Parabola wine glass tips over - how does it come to rest?

Question

A wine glass with no base nor stem is the shape of a simple parabola y=x^2. The glass is perfectly balanced vertically upright (at 0 degrees). It gets tipped over sideways and wobbles a moment and comes to rest. At what angle is the wine glass resting? Is this angle a function of the glass height or will the angle be the same regardless of how tall the glass is ?

Answer 1

The glass will be stable when there’s no net moment. This will occur when the center of mass is directly above the point of contact with the ground. Equivalently, the points of (meta)stability on the curve are those at which the inward normal points toward the center of mass. By symmetry, we can restrict our attention to the $x$-$z$ plane, in which the cross-section of the glass is the parabola $z=x^2$. For a fixed height $h$, the center of mass will be at a fixed point $(0,\bar z)$. A normal to the parabola at $x$ is $(2x,-1)$, which is parallel to $(x,x^2)-(0,\bar z)$ when $$2x(x^2-\bar z) + x = 0.$$ We always have $x=0$ as a solution, which corresponds to the initial metastable balance. In addition, when $\bar z\gt\frac12$ we have two other real solutions, $x=\pm\sqrt{2\bar z-1}$, from which we can compute the tilt angle $\arctan\left(2\sqrt{2\bar z-1}\right)$. These two additional solutions correspond to a ring on the surface along which the glass will happily roll without tilting its axis relative to the ground plane.

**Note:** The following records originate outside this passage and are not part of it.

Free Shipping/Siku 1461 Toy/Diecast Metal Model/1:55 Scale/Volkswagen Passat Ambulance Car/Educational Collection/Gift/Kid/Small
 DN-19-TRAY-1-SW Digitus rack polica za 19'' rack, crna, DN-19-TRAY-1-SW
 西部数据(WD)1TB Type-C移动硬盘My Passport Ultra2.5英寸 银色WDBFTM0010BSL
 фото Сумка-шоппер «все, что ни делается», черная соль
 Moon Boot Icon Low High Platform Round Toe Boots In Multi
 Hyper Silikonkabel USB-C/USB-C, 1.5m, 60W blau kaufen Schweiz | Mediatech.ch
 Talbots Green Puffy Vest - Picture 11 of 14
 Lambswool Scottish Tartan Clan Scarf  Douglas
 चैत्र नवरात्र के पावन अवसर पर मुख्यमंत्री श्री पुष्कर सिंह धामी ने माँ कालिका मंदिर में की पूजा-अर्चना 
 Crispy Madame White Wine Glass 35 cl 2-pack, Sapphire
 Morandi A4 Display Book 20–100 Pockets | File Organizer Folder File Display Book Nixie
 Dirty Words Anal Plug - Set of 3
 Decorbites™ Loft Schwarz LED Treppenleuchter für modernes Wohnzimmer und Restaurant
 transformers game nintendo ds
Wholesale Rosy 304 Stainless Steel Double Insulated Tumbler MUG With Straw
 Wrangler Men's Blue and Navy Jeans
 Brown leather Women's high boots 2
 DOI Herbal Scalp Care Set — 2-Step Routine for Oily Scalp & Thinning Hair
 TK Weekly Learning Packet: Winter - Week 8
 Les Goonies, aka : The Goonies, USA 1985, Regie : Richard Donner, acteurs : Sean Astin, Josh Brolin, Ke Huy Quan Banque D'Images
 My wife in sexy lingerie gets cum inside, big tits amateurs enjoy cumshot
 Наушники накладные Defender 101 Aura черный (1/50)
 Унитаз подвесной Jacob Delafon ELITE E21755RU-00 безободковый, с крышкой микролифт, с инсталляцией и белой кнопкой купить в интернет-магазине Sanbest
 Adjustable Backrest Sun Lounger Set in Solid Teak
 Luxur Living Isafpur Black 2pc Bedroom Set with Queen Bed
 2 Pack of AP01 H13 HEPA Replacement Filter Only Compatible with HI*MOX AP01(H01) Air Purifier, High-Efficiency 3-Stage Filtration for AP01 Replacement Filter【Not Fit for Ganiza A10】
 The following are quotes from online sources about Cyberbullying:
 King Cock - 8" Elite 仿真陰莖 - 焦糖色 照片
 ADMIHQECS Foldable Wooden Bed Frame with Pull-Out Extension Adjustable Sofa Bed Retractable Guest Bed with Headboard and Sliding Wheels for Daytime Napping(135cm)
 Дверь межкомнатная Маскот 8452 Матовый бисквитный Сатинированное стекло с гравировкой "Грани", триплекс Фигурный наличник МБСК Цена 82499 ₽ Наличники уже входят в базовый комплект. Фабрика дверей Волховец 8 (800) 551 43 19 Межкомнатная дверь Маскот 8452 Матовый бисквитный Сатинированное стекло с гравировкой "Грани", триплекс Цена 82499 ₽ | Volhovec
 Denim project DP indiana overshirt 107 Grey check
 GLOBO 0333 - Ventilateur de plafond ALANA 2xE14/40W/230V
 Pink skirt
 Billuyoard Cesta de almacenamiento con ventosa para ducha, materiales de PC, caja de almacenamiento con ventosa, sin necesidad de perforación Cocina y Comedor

To compute the $z$-coordinate of the center of mass, we need to be careful to account for the entire paraboloid of revolution. Assuming a uniform density $\rho$ and taking advantage of the rotational symmetry we have, using a standard formula, $$\bar z = {\int z\,2\pi\rho x\,ds \over \int 2\pi\rho x\,ds} = {\int_0^{\sqrt h}x^3\sqrt{1+4x^2}\,dx \over \int_0^{\sqrt h}x\sqrt{1+4x^2}\,dx}.$$ According to Mathematica, for $h\gt0$ this evaluates to $$\bar z = {(6 h-1) (4 h+1)^{3/2}+1 \over 10 \left((4 h+1)^{3/2}-1\right)},$$ which is very close to a linear function of $h$.